ACTION ITEM – Please return the data word for word and leave out any picture it contains.

TASK DATA –
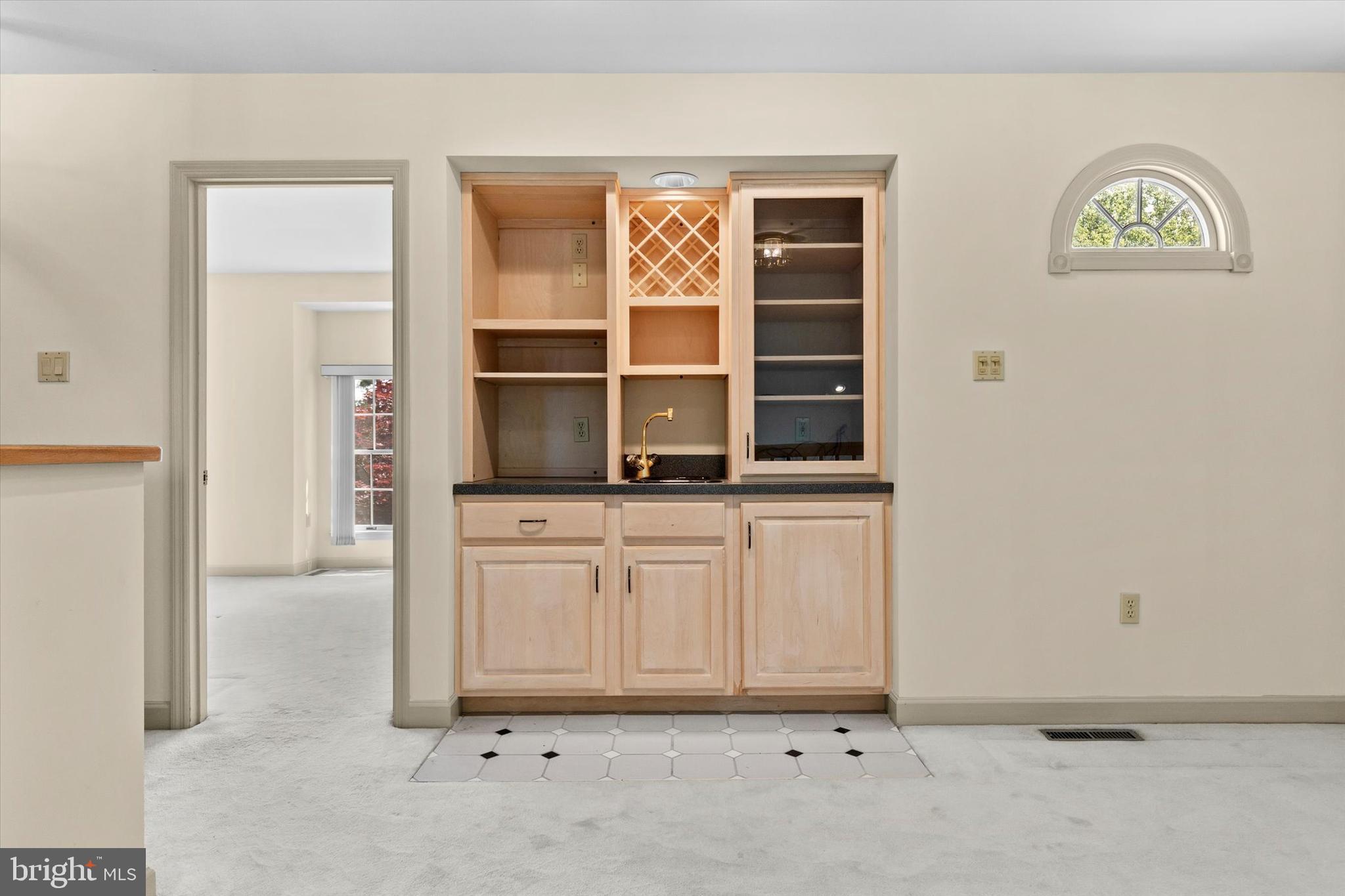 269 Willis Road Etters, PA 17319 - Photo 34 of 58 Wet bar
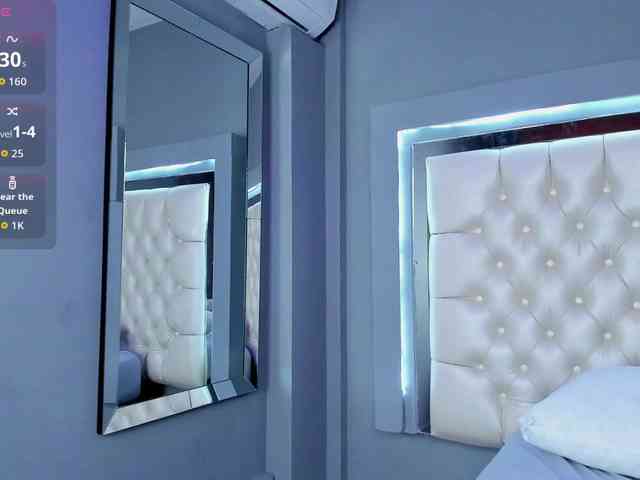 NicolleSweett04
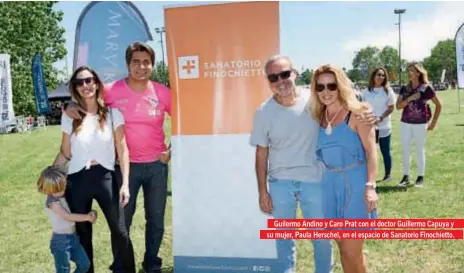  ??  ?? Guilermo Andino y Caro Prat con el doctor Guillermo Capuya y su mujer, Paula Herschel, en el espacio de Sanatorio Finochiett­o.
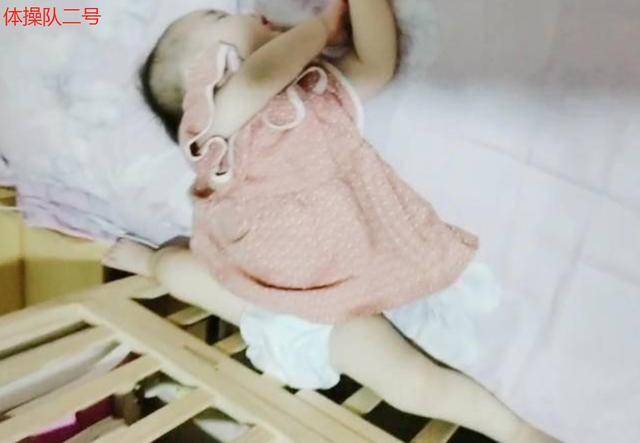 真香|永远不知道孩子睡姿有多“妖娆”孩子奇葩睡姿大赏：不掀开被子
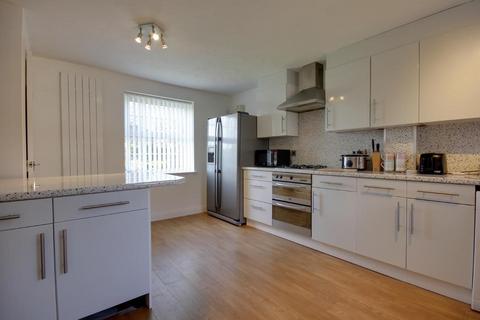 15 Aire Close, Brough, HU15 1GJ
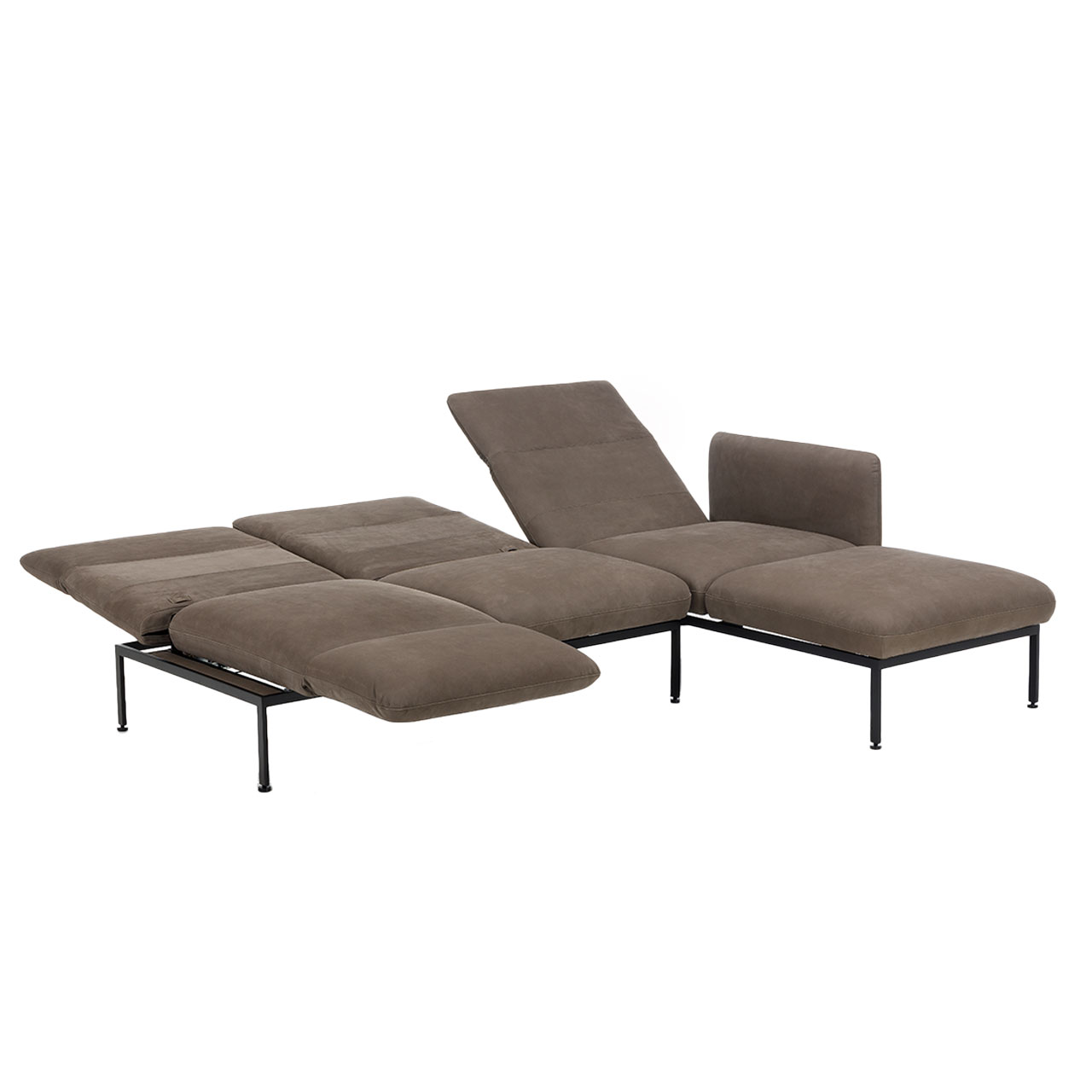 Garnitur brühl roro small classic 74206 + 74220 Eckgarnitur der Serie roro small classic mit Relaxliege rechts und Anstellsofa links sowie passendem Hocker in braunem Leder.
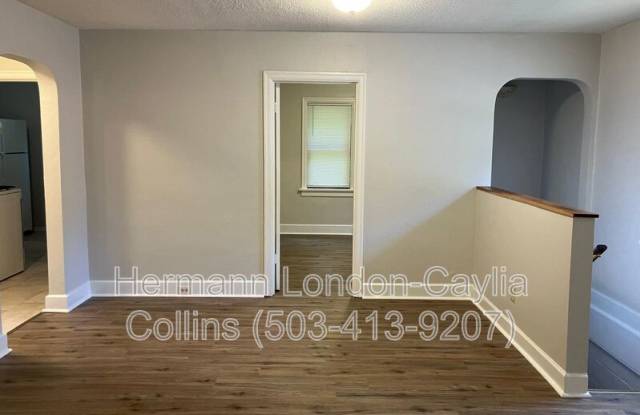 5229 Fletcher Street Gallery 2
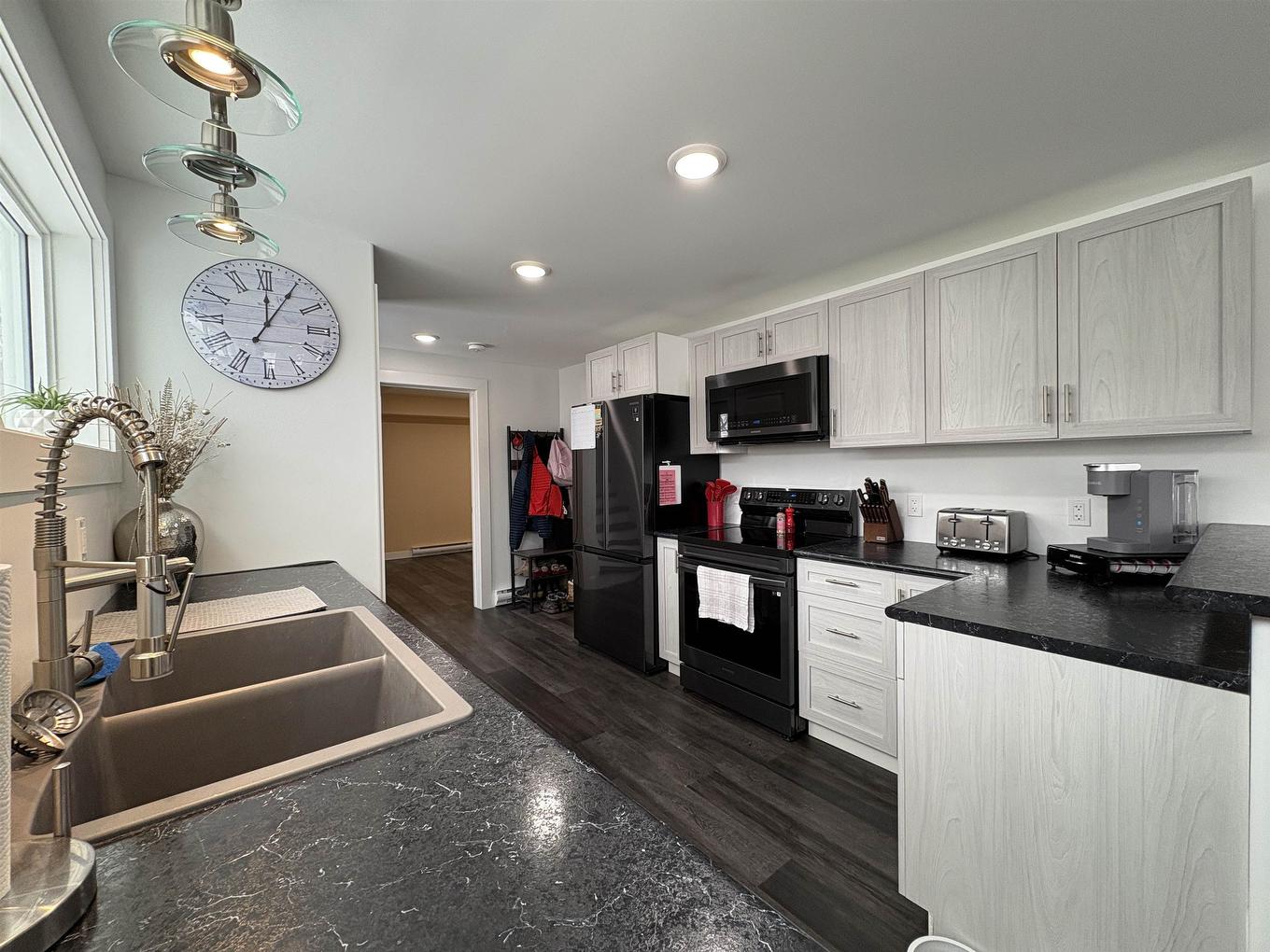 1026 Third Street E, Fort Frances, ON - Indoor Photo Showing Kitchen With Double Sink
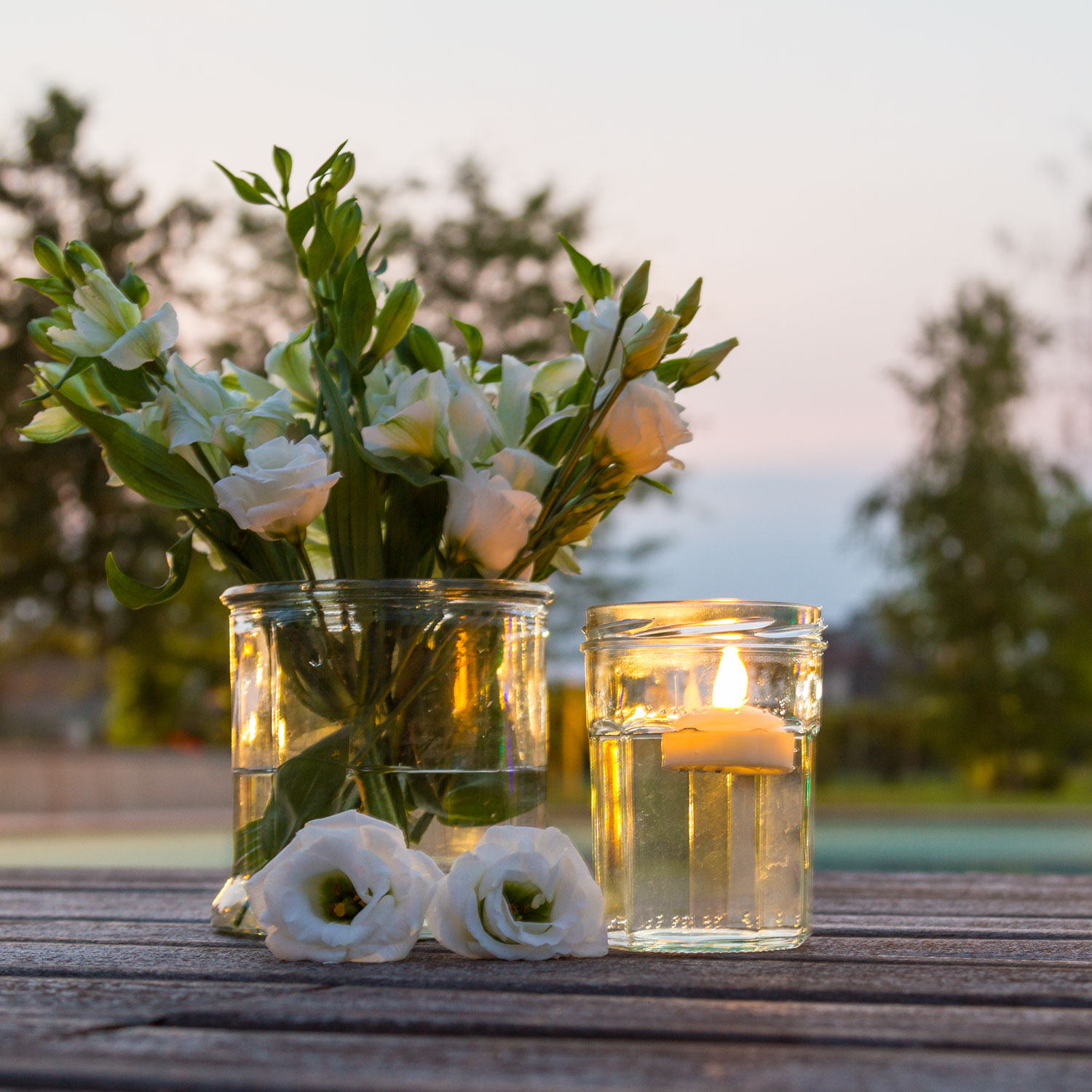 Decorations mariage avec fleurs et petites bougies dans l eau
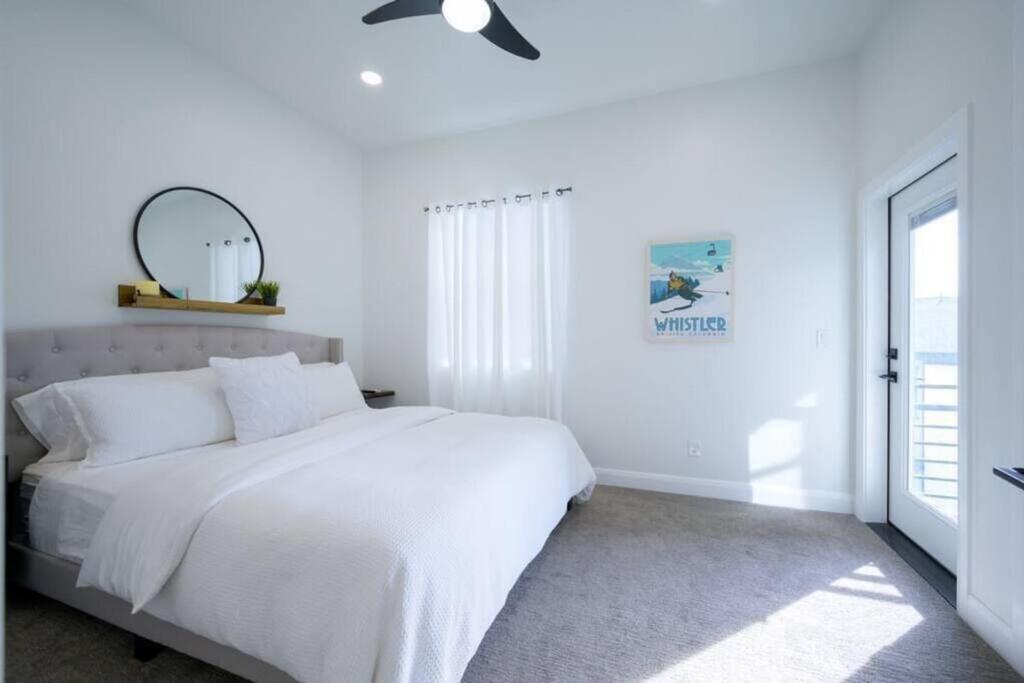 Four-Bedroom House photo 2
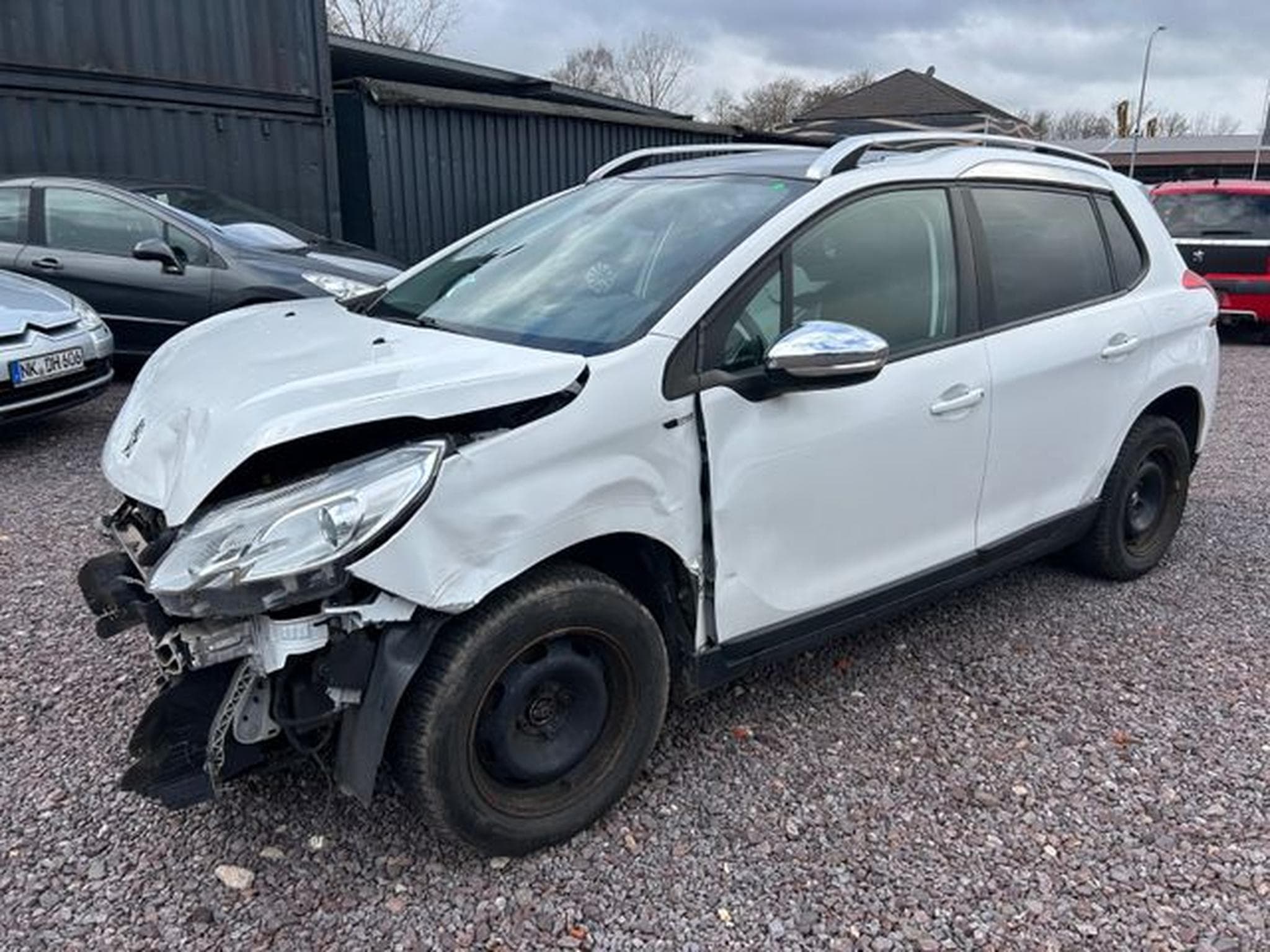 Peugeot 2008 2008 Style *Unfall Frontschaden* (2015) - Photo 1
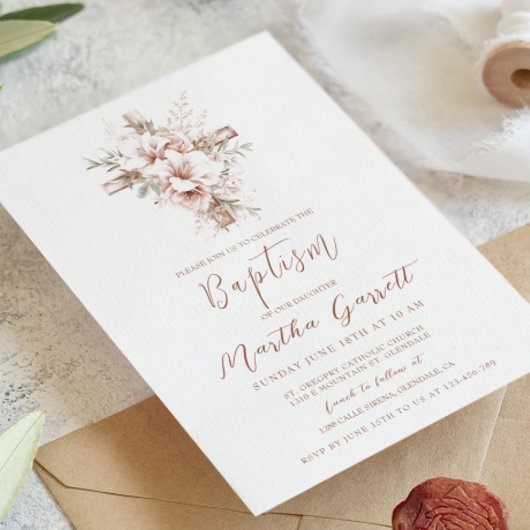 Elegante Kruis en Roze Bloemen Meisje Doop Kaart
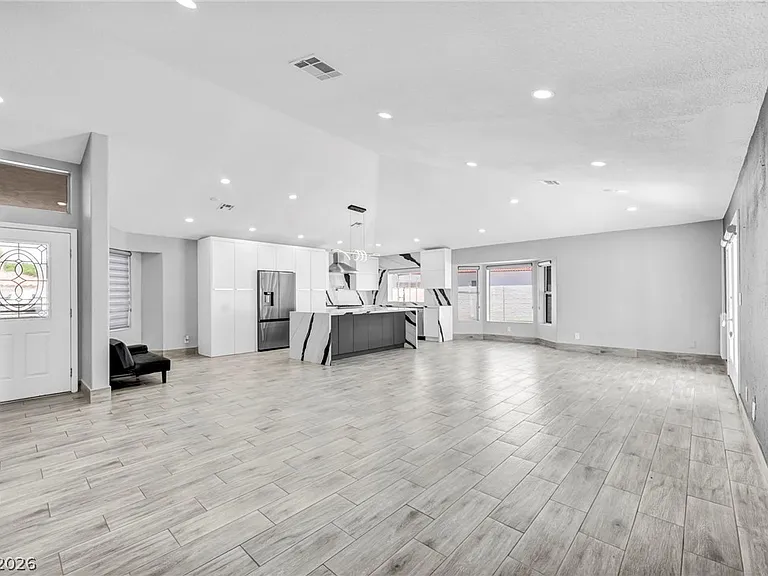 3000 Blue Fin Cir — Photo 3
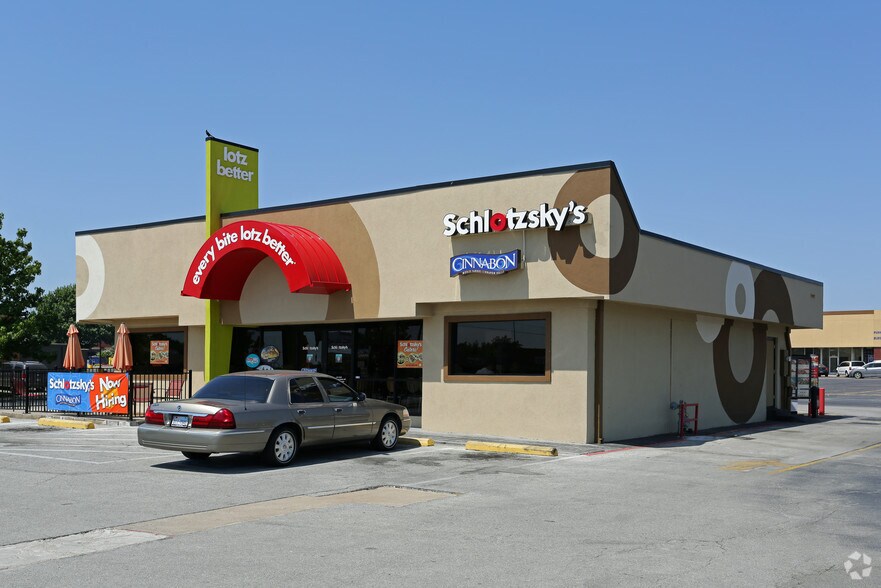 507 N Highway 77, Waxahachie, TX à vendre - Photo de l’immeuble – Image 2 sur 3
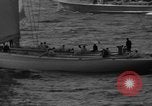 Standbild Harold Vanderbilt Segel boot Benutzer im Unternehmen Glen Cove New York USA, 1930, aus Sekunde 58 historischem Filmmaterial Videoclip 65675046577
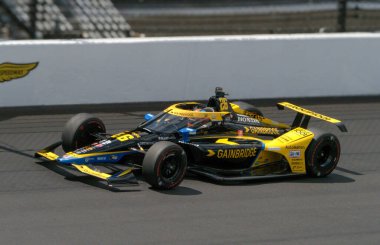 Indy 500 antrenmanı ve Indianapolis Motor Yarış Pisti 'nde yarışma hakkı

RESULT OF THE TASK –
 269 Willis Road Etters, PA 17319 - Photo 34 of 58 Wet bar
 NicolleSweett04
  ??  ?? Guilermo Andino y Caro Prat con el doctor Guillermo Capuya y su mujer, Paula Herschel, en el espacio de Sanatorio Finochiett­o.
 真香|永远不知道孩子睡姿有多“妖娆”孩子奇葩睡姿大赏：不掀开被子
 15 Aire Close, Brough, HU15 1GJ
 Garnitur brühl roro small classic 74206 + 74220 Eckgarnitur der Serie roro small classic mit Relaxliege rechts und Anstellsofa links sowie passendem Hocker in braunem Leder.
 5229 Fletcher Street Gallery 2
 1026 Third Street E, Fort Frances, ON - Indoor Photo Showing Kitchen With Double Sink
 Decorations mariage avec fleurs et petites bougies dans l eau
 Four-Bedroom House photo 2
 Peugeot 2008 2008 Style *Unfall Frontschaden* (2015) - Photo 1
 Elegante Kruis en Roze Bloemen Meisje Doop Kaart
 3000 Blue Fin Cir — Photo 3
 507 N Highway 77, Waxahachie, TX à vendre - Photo de l’immeuble – Image 2 sur 3
 Standbild Harold Vanderbilt Segel boot Benutzer im Unternehmen Glen Cove New York USA, 1930, aus Sekunde 58 historischem Filmmaterial Videoclip 65675046577
 Indy 500 antrenmanı ve Indianapolis Motor Yarış Pisti 'nde yarışma hakkı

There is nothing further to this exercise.